▶ [Exercise directions]
Set the whole listing down again, word for word, with no pictures.
Top of Supplied data
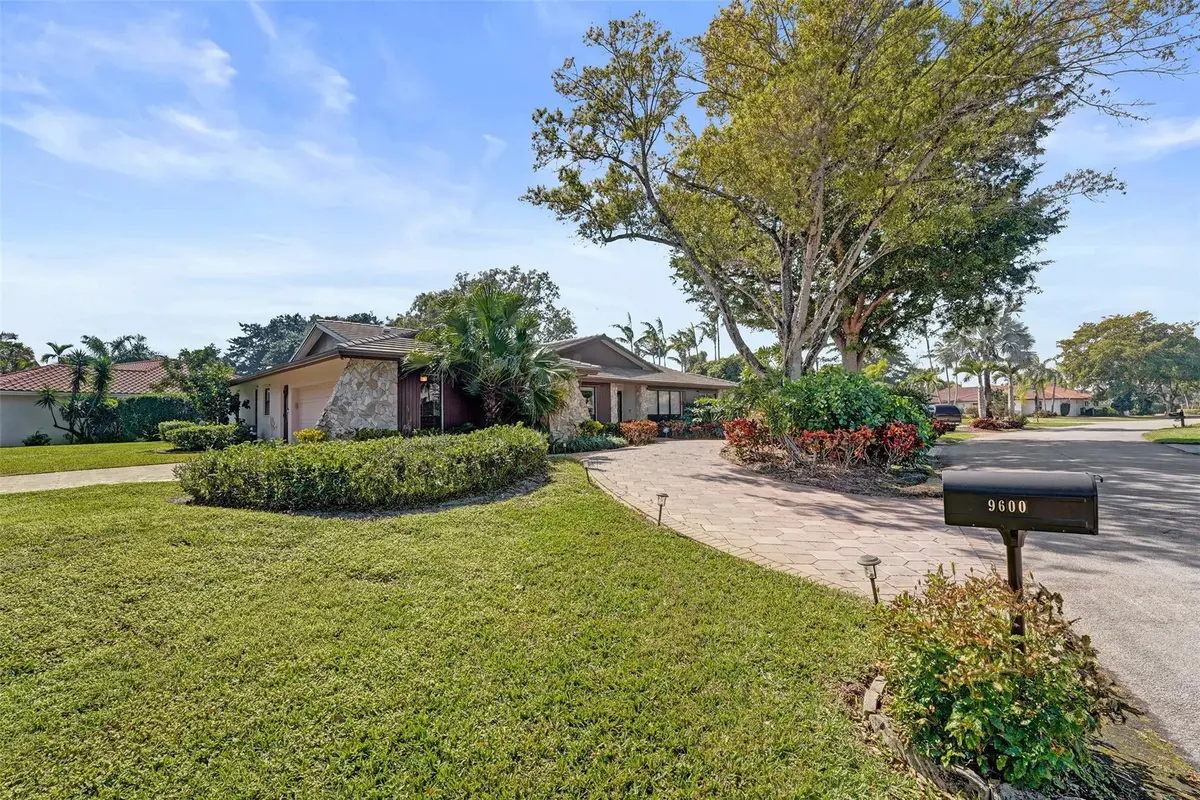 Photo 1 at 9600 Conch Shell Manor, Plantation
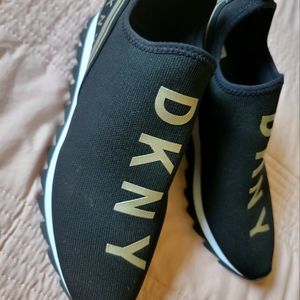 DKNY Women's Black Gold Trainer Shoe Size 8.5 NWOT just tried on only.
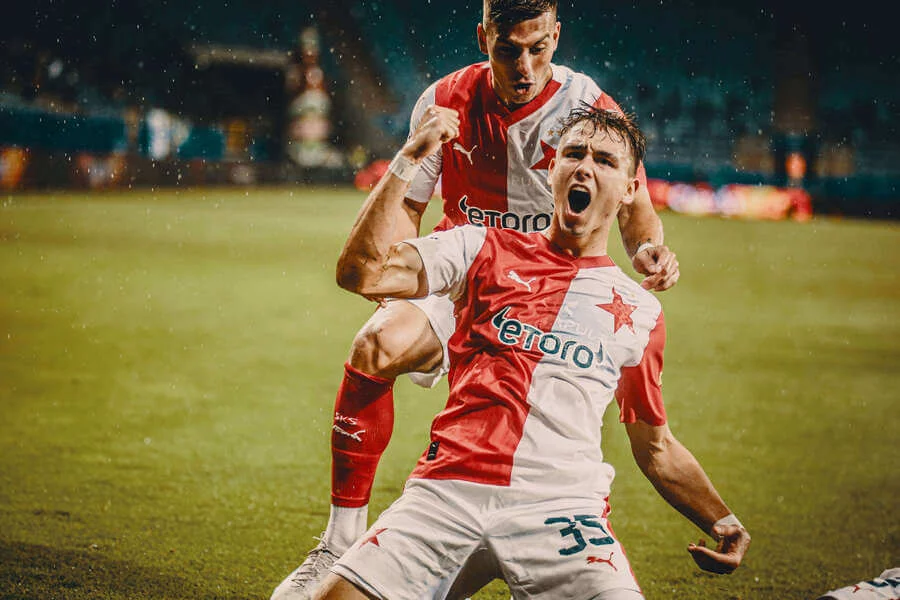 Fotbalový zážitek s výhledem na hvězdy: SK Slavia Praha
Bottom of Supplied data
▶ [Response area]
 Photo 1 at 9600 Conch Shell Manor, Plantation
 DKNY Women's Black Gold Trainer Shoe Size 8.5 NWOT just tried on only.
 Fotbalový zážitek s výhledem na hvězdy: SK Slavia Praha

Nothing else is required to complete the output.